É sempre difícil administrar os interesses de uma grande família. Uns preferem viajar para a Disney, outros para a praia. Quando algo parecido acontece em um grupo político que está no comando de um clube há oito anos, é inevitável que haja dissidências. O “blocão” que administrava o Internacional desde 2002 dissolveu-se em 2010 e está pronto para mais uma batalha.

A história é a seguinte: Pedro Affatato deveria ser o candidato único da situação quatro anos atrás, sucedendo . Mas o Movimento Inter Grande, cuja liderança mais proeminente é Fernando Carvalho, decidiu lançar sem consultar os outros grupos. Uma carteirada na cara dura. Piffero, à época, incorporou Pôncio Pilatos, lavou as mãos e não apoiou ninguém.

Luigi venceu e foi reeleito em 2012, no primeiro turno, contra Luis Antônio Lopes, desta vez apoiado por Piffero. Um dos patriarcas da família, ele deseja ver os seus filhos reunidos repartindo o pão novamente, mas admite que isso é muito difícil no momento. Cogita, portanto, lançar uma candidatura à presidência contra o candidato da situação Marcelo Medeiros. Piffero adota o discurso de que ainda é muito cedo para confirmar se vai ou não concorrer ao cargo. As inscrições das chapas vão até 31 de outubro.

O terceiro candidato é Roberto Siegmann, a dissidência. Era membro do Movimento Inter Grande e foi vice de futebol de Luigi no primeiro mandato.
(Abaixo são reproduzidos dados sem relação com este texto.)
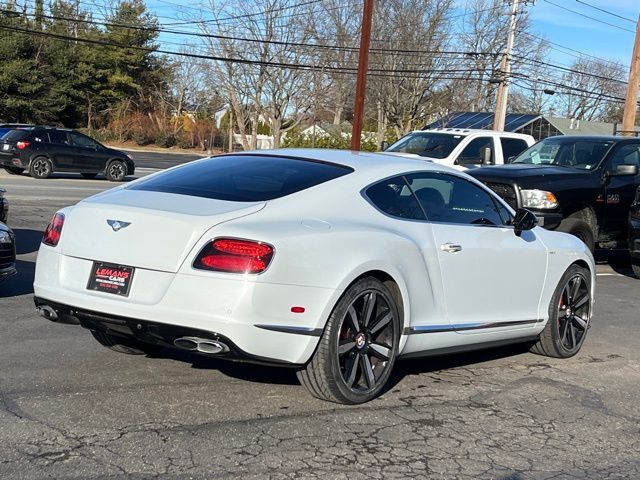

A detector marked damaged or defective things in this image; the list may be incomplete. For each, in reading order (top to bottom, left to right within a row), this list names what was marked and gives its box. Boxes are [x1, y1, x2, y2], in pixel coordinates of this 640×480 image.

cracked pavement [1, 171, 640, 478] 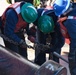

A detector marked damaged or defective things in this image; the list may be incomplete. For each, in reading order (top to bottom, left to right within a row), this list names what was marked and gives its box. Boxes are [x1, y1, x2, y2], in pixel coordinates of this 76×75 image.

rusty metal [0, 44, 67, 74]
Orquestrou o retorno de Paulo Roberto Falcão ao clube como treinador, mas foi mandado embora junto com o Rei de Roma, em 2011. Assim, criou-se uma terceira via para as eleições coloradas.

Todas as três vão atrás do apoio da Convergência Colorada, um grupo político que conta com 78 votos e praticamente garante qualquer candidato no segundo turno das eleições (são necessários aproximadamente 115 votos), quando os sócios depositam os seus votos. A CC ainda cogita uma candidatura própria, mas não sabe se terá apoio suficiente para passar pela fase inicial do pleito. Caso decida que sim, os nomes mais prováveis são Sandro Farias, Humberto Busnello e João Patrício Hermann.
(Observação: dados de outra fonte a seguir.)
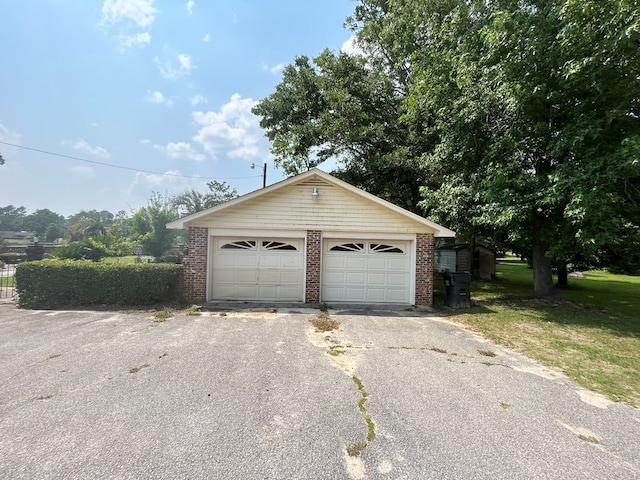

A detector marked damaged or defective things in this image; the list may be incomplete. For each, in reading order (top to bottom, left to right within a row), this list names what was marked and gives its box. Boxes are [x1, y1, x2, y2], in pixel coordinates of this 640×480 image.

cracked pavement [1, 306, 640, 478]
Uma vez no segundo turno, o grande ás na manga é o apoio de Fernando Carvalho, dono do toque de midas necessário para transformar um candidato em presidente, graças à força maciça que tem junto aos torcedores. O natural (afinal, é um dos fundadores) seria que Carvalho apoiasse o candidato do MIG, Marcelo Medeiros, mas pode pender, por causa da grande amizade que tem com Piffero, para o outro lado.
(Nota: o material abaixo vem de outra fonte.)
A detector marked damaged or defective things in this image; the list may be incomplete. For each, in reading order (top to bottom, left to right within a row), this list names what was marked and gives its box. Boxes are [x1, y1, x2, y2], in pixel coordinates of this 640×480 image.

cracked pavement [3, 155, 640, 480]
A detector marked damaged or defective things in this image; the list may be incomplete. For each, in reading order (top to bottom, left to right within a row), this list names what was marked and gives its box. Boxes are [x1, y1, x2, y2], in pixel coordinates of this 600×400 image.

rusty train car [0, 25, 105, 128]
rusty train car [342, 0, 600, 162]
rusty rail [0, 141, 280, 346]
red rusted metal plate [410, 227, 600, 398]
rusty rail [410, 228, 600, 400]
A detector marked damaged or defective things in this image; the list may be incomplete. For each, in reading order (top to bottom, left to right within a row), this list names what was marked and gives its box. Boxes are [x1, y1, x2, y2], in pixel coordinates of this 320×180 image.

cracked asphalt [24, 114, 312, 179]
De um jeito ou de outro, a três semanas do prazo final para a inscrição das chapas, o cenário político do Inter está muito incerto. Grupos opositores têm tempo para as articulações e podem fortalecer ou enfraquecer qualquer um dos candidatos. Ou, talvez, mais uma parte da família fique brava e resolva brincar sozinha.